= Pulsed discharge ionization detector =

A pulsed discharge ionization detector (pulsed discharge detector) is a detector for gas chromatography that utilizes a stable, low powered, pulsed DC discharge in helium as an ionization source.

Eluants from the GC column, flowing counter to the flow of helium from the discharge zone, are ionized by photons from the helium discharge. Bias electrode(s) focus the resulting electrons toward the collector electrode, where they cause changes in the standing current which are quantified as the detector output.

==Electron capture mode==
In the electron capture mode, the PDD is a selective detector for monitoring high electron affinity compounds such as freons, chlorinated pesticides, and other halogen compounds. For this type of compound, the minimum detectable quantity (MDQ) is at the femtogram ($10^{-15}\,\mathrm{g}$) or picogram ($10^{-12}\,\mathrm{g}$) level.
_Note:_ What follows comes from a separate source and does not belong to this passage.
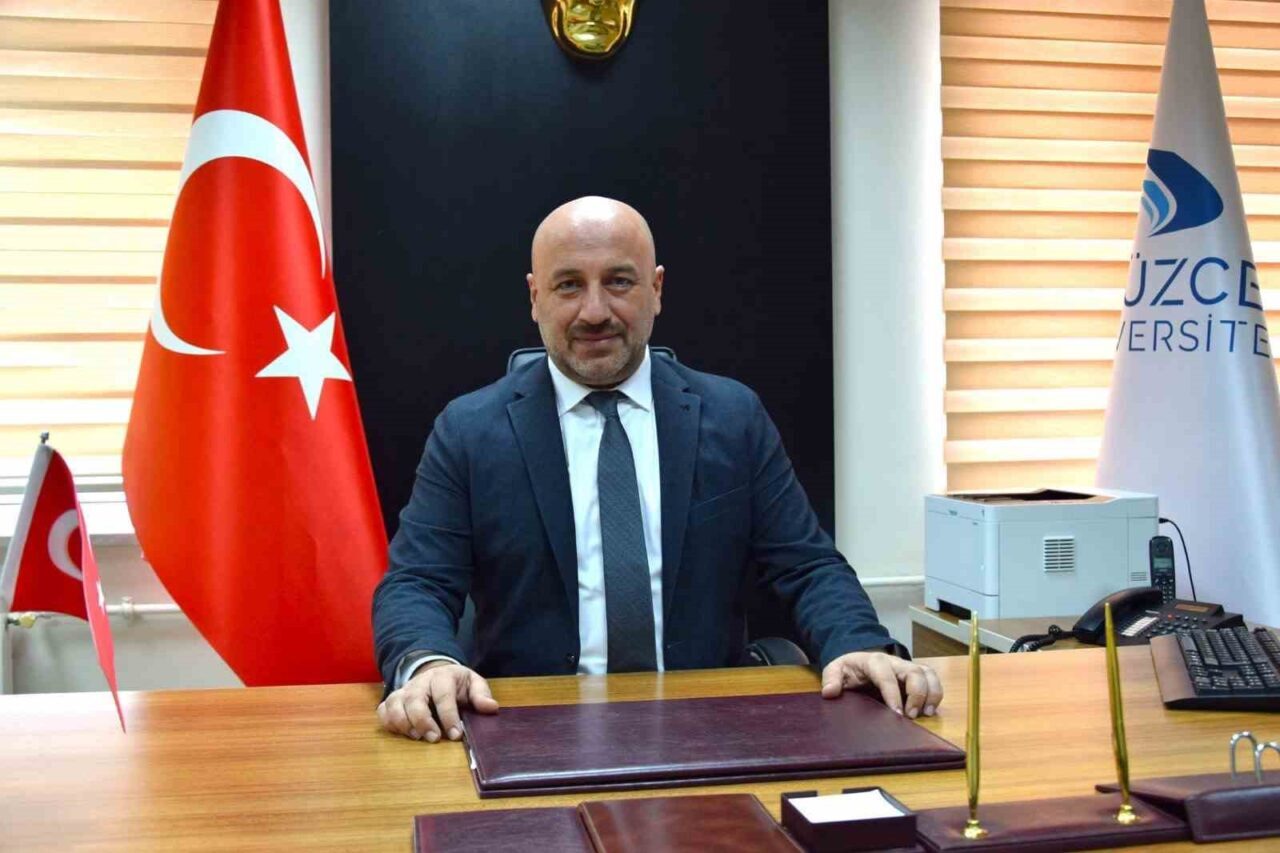 DÜZCE(İHA) – Düzce’deki çeşitli sağlık kurumlarında beyin cerrahı olarak görev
The PDD is similar in sensitivity and response characteristics to a conventional radioactive ECD, and can be operated at temperatures up to 400°C. For operation in this mode, He and CH4 are introduced just upstream from the column exit.

==Helium photoionization mode==
In the helium photoionization mode, the PDD is a universal, non-destructive, high sensitivity detector. The response to both inorganic and organic compounds is linear over a wide range. Response to fixed gases is positive (increase in standing current), with an MDQ in the low ppb range. The PDD in helium photoionization mode is an excellent replacement for flame ionization detectors in petrochemical or refinery environments, where the flame and use of hydrogen can be problematic. In addition, when the helium discharge gas is doped with a suitable noble gas, such as argon, krypton, or xenon (depending on the desired cutoff point), the PDD can function as a specific photoionization detector for selective determination of aliphatics, aromatics, amines, as well as other species.